Does this provide a bare IP connection or is it just for MQTT channels back to your servers? I can't tell if that's "the" method of communication or just a helpful thing that you're offering.
Basically, is this something that I would be able to use directly with my company's CoAP APIs?
The protocol speaks LoRaWAN, which isn't IP. The data will get sent via a distributed network, over IP (using MQTT), to a server of your choice. This application server (run by you or someone else) can then store the data, have a REST API endpoint, MQTT channel, or whatever service that runs there.
it would be so cool to just fiddle with IoT sensors without worrying about a nearby wifi hotspot with access. Just using the Things network as a free and open road is a beautiful idea.
Two questions:
1) are there technical restrictions for using this mesh network with remote aerial sensors, i.e. does it hurt badly when nodes move?
2) how well would it perform indoors in manufacturing plants? I'm thinking of low-cost adhoc industrial IoT prototyping.
I spoke with one associated with the lora alliance today and 1) yes, up to about 300 km/h, and 2) they perform well up to 20m underground in cities if gateways are placed every 500-1000m.
Awesome effort! We're following Amsterdam's example in Zurich and building a TTN network over here. The initial tests went great and we're now preparing to deploy more gateways real soon!

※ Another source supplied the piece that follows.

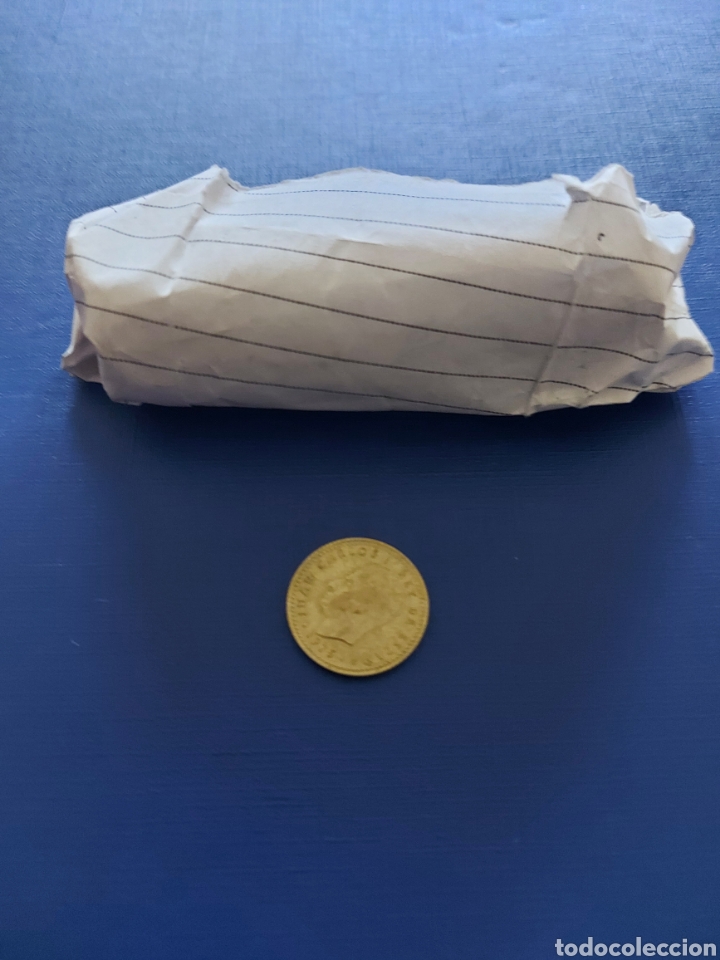 Monedas de Espa&ntilde;a: 50 monedas de 1ptas - Foto 1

SIGFOX has certain limits (outside of theoretical and practical bandwidth restrictions) placed on it. radio-electronics.com (http://www.radio-electronics.com/info/wireless/sigfox/basics...) states up to 140 messages of 12 bytes per object per day, with a throughput of up to 100 bytes per second.

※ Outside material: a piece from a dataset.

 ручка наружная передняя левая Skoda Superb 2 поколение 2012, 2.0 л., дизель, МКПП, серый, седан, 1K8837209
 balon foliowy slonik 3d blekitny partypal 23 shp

The Things network, on the other hand, seems to supply its services openly and freely without limits, using the LoRaWan spec. Semtech (http://www.semtech.com/wireless-rf/lora/LoRa-FAQs.pdf) says it provides between 0.3 and 11kbps of bandwidth, so in theory your speeds can be anywhere from 3x to 111x higher.
I'm not an expert but a big difference is packet size: Sigfox is limited to 12 bytes, while LoRaWAN is up to 256 (iirc). Sigfox also imposes a max of 140 messages per day. Also, the governing body of LoRa is open (lora alliance), while Sigfox is closed. In general, the LoRaWAN approach is more open, with most if not all of the infrastructure being open sourced.
Basically, is this something that I would be able to use directly with my company's CoAP APIs?